WHAT YOU SHOULD DO: Leave the pictures in the listing below aside and reproduce exactly the lines starting with the one with "Made in Italy Loafer | Mocha" and going on through the one with "Moderkort - Asus", both ends included.
─── MATERIAL PROVIDED ───
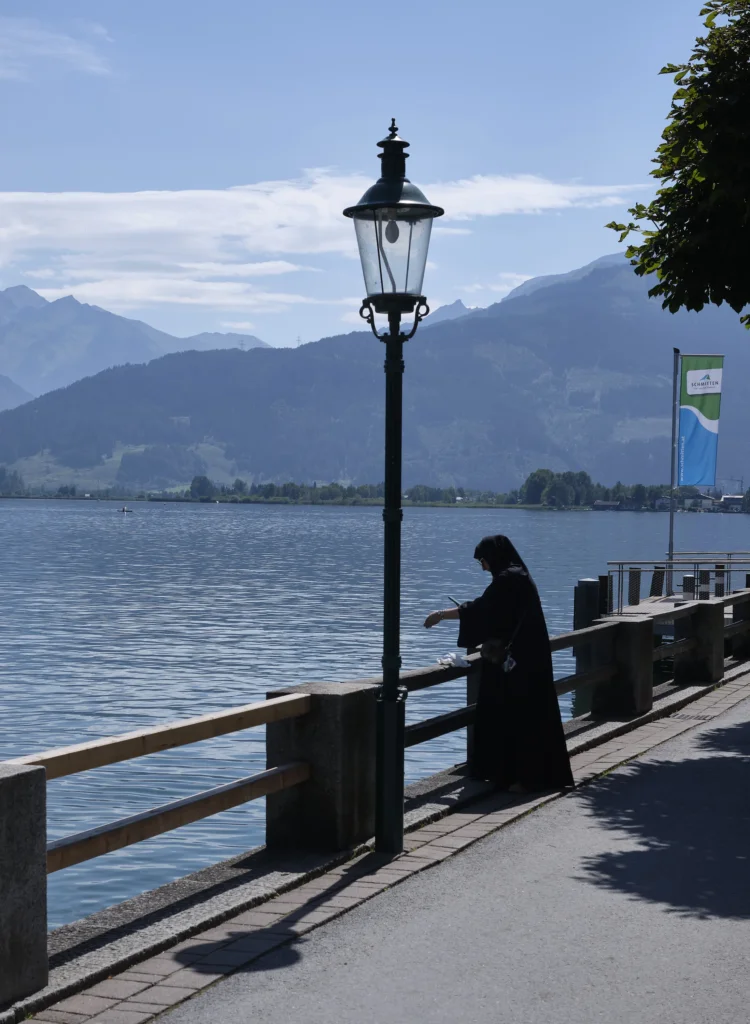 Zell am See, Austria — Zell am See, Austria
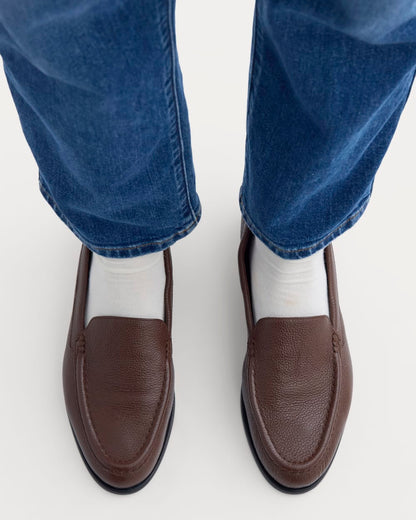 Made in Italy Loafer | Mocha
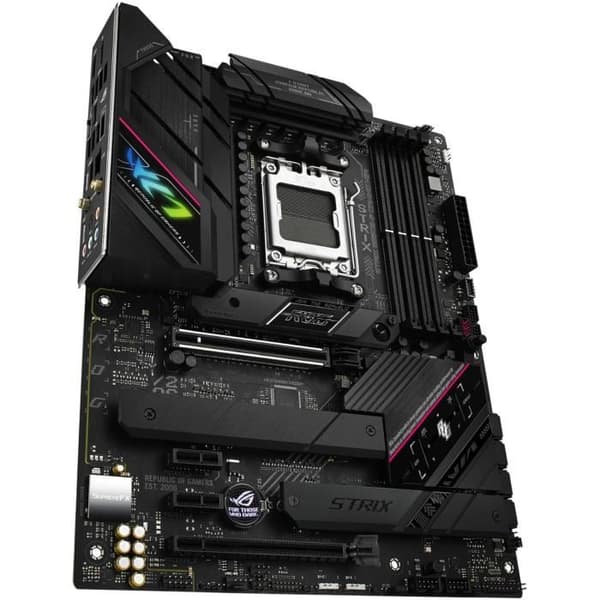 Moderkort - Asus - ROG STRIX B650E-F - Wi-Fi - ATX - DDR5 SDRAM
───
─── MATERIAL PROVIDED ───
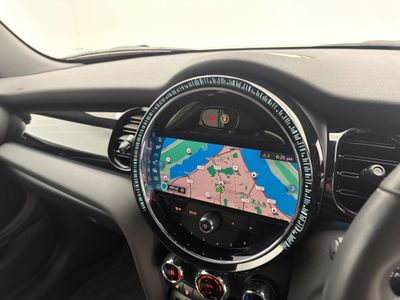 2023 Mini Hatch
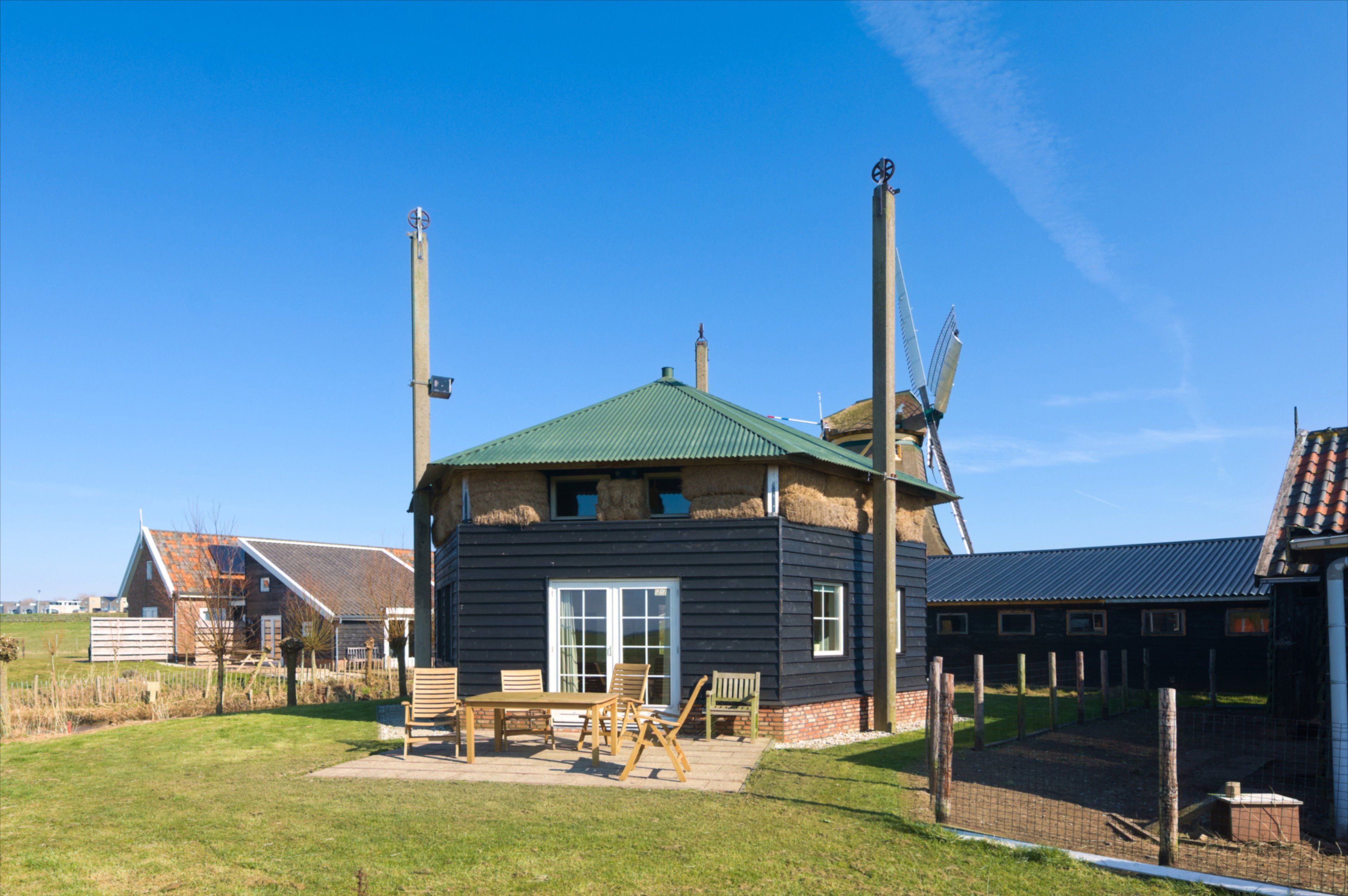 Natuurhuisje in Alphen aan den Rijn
───
ANSWER TO THE EXERCISE:
 Made in Italy Loafer | Mocha
 Moderkort - Asus - ROG STRIX B650E-F - Wi-Fi - ATX - DDR5 SDRAM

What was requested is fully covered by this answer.